### Problem requirements
Skip the pictures and write out, word for word, the lines below from the one with "Carpeted staircase with" through the one with "a bathroom with a toilet a sink and mirror", inclusive.

### Data for this task

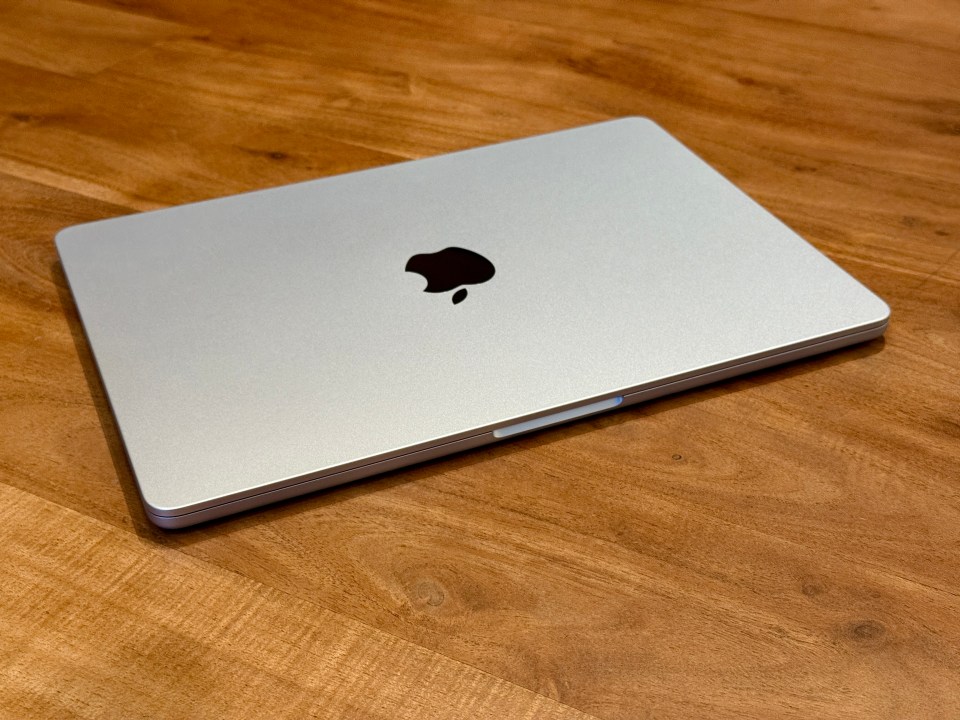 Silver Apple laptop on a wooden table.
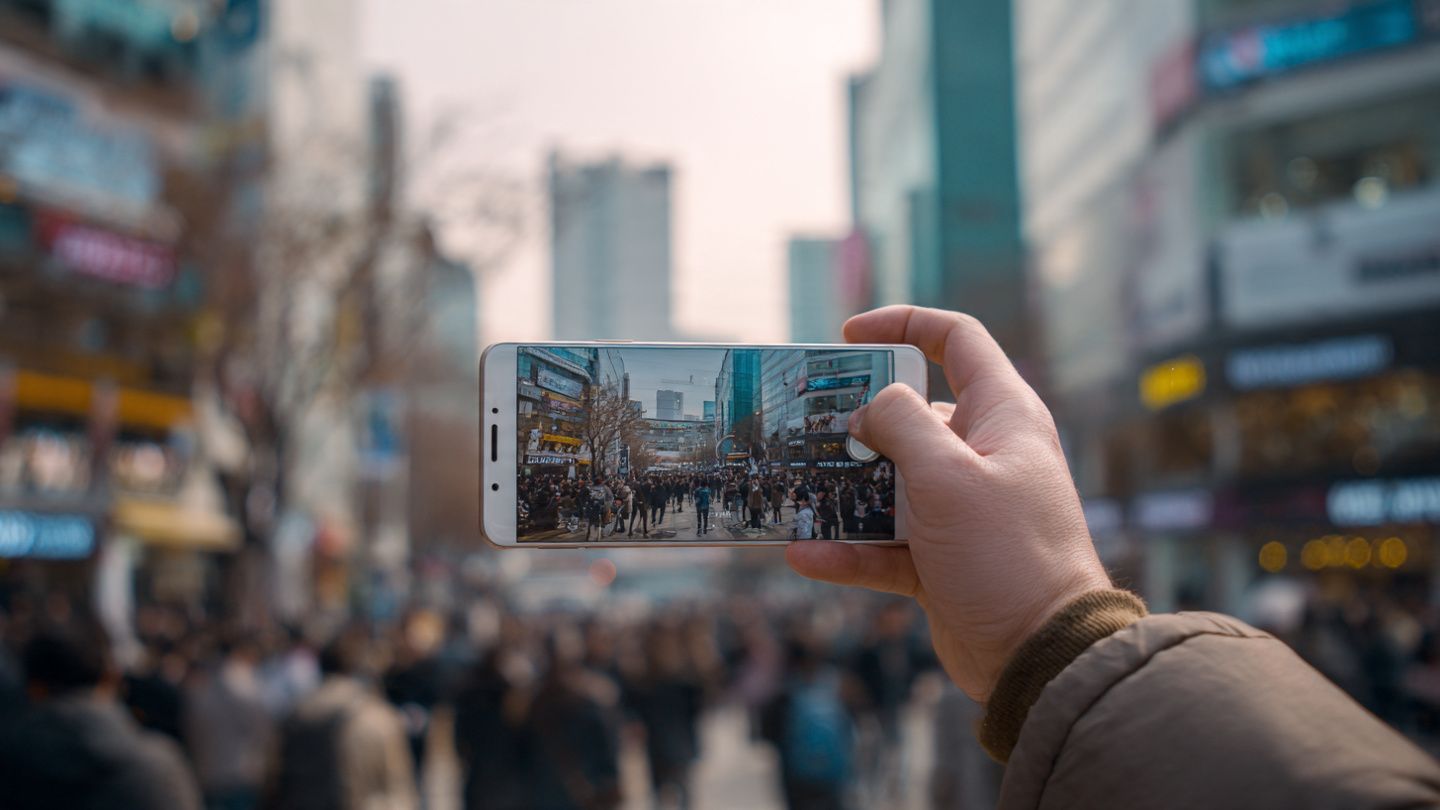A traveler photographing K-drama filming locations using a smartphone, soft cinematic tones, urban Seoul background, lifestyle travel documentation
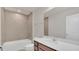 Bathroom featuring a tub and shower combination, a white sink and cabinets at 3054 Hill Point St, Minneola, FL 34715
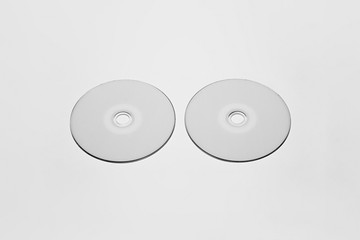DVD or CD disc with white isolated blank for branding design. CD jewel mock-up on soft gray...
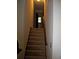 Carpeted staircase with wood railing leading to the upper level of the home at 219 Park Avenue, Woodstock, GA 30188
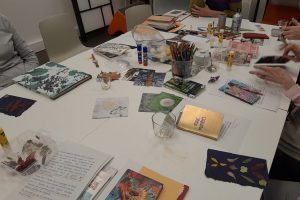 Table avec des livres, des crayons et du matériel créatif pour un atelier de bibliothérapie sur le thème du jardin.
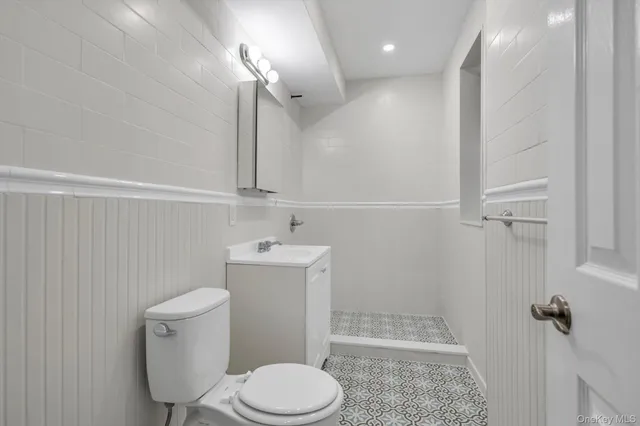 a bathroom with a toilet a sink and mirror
* * *
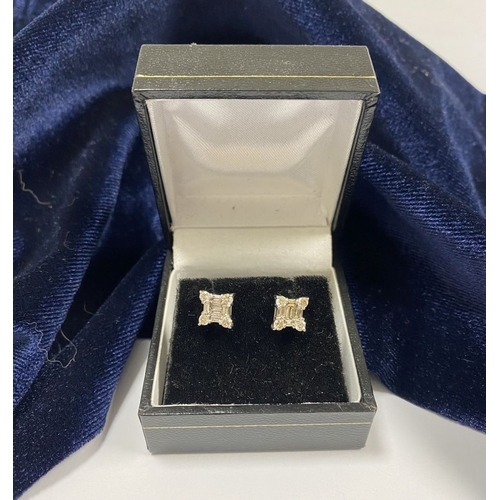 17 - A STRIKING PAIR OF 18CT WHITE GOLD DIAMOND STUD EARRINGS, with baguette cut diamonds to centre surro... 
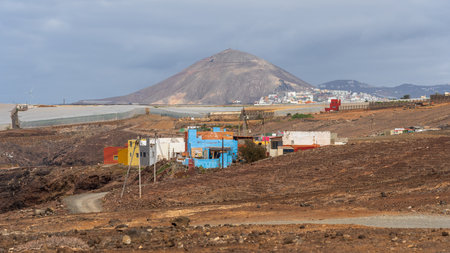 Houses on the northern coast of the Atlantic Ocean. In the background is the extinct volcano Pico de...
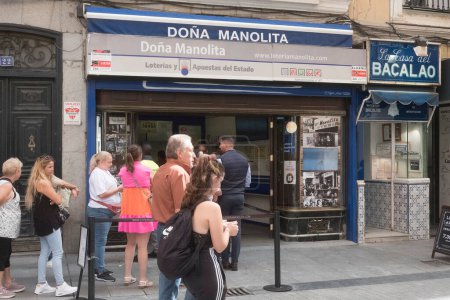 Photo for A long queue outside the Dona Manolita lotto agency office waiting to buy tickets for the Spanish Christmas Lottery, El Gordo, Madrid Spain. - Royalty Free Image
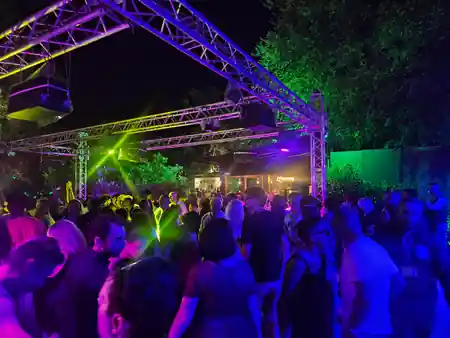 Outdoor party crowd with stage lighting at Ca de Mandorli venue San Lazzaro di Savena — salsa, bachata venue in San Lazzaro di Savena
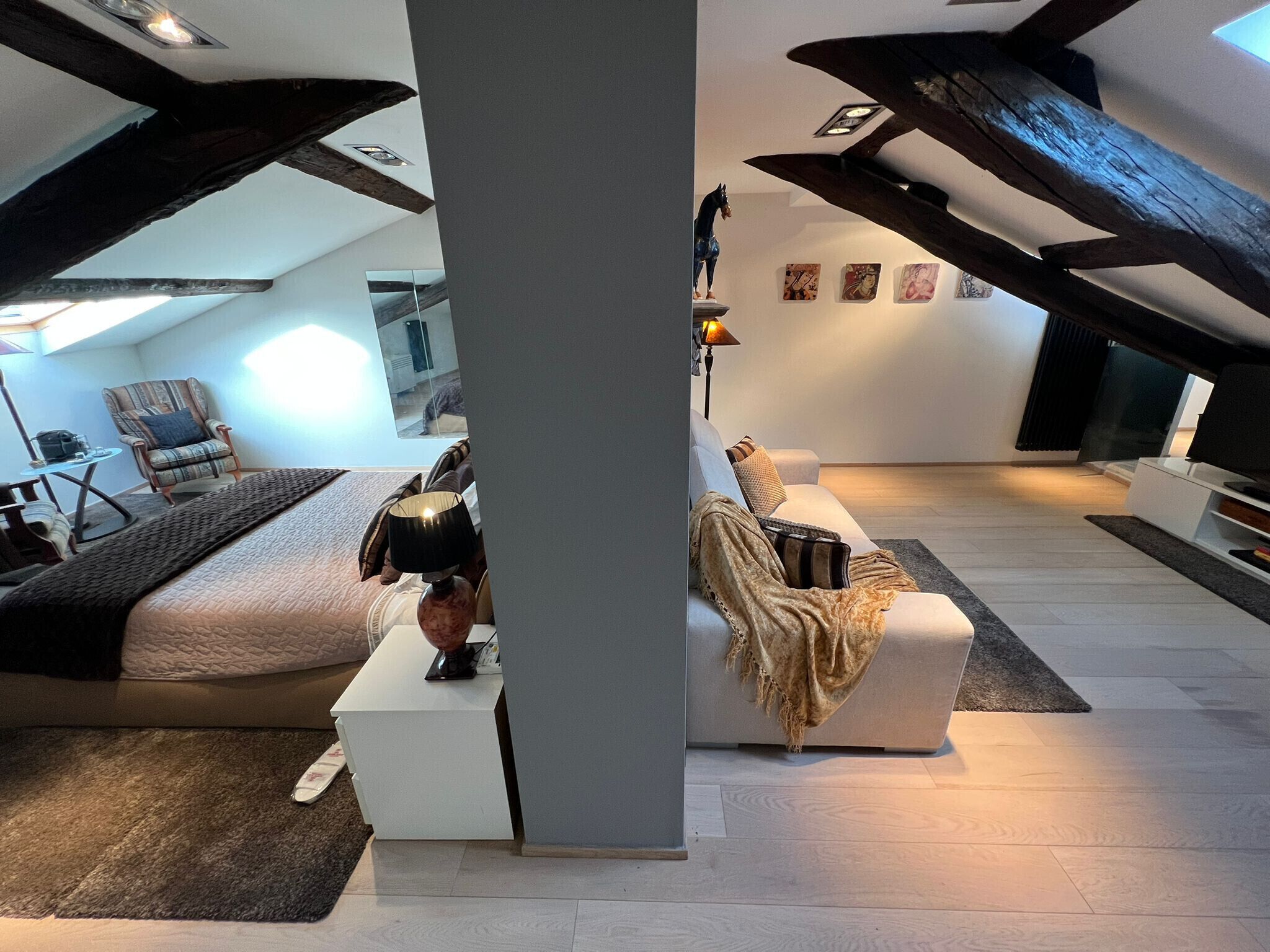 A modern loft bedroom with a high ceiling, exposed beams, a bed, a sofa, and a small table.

### Answer
 Carpeted staircase with wood railing leading to the upper level of the home at 219 Park Avenue, Woodstock, GA 30188
 Table avec des livres, des crayons et du matériel créatif pour un atelier de bibliothérapie sur le thème du jardin.
 a bathroom with a toilet a sink and mirror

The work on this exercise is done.